/tapico-turborepo-remote-cache

A server for TurboRepo Remote Cache to store cache artefacts in Google Cloud Storage or Amazon S3

Primary LanguageGoMIT LicenseMIT

Tapico Turborepo Remote Cache

This is an implementation of Vercel's Turborepo Remote Cache API endpoints used by the turborepo CLI command. This solution allows you to get control over where the cache arteficats are being stored.

The CLI tool currently supports the following targets for the cache arteficats:

  • gcs: Google Cloud Storage
  • s3: Amazon S3
  • local: The local file system

Running the application

You can execute this application by running when you want to store your cache artefacts on a Amazon S3 compatible cloud storage provider, it will start a HTTP server on port 8080:

./tapico-turborepo-remote-cache \
  --kind="s3" \
  --s3.endpoint="http://127.0.0.1:9000" \
  --s3.accessKeyId="minio" \
  --s3.secretKey="miniosecretkey" \
  --s3.region="eu-west-1" \
  --turbo-token="your-turbo-token"

Note: The above example can be used to test against the Minio instance of the docker-compose.yml file found in the dev-directory.
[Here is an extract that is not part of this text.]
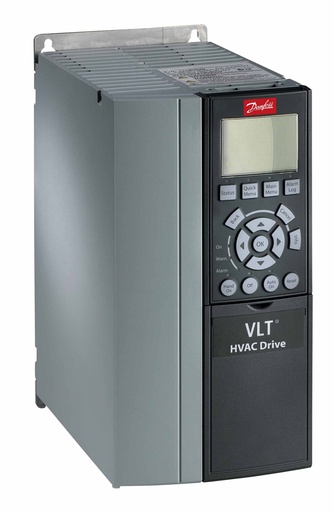 [131H9811] VLT Aqua Drive FC 202, 10 HP / 7.5 KW, 200-240 V, 1-Phase, IP21, FC-202P7K5S2E21H1XGXXXXSXXXXAXBXCXXXXDX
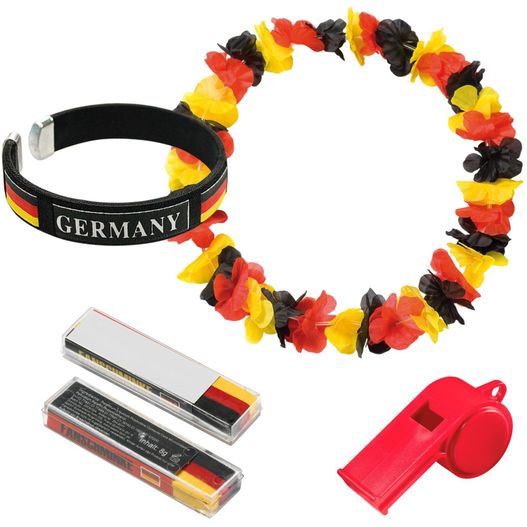 Fanset "Laola" (Bild 1)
At this time the server doesn't support running over HTTPS, you might want to consider using a load balancer to expose the server over HTTPS to the internet.

You can download binaries of the applications via the Releases page, and pre-build docker images are available in the tapico-turborepo-remote-cache section in Packages section.

Example

An example is available that demonstrate how to use the the Turbo remote cache server together with the Amazon S3 compatible object atorage Minio using Docker Compose, the example can be found in examples/with-docker-compose.

Configuration

The server supports three kind of cloud storage, which are s3, gcs and local, the latter will store the cache artefects on the local file system on a relative path.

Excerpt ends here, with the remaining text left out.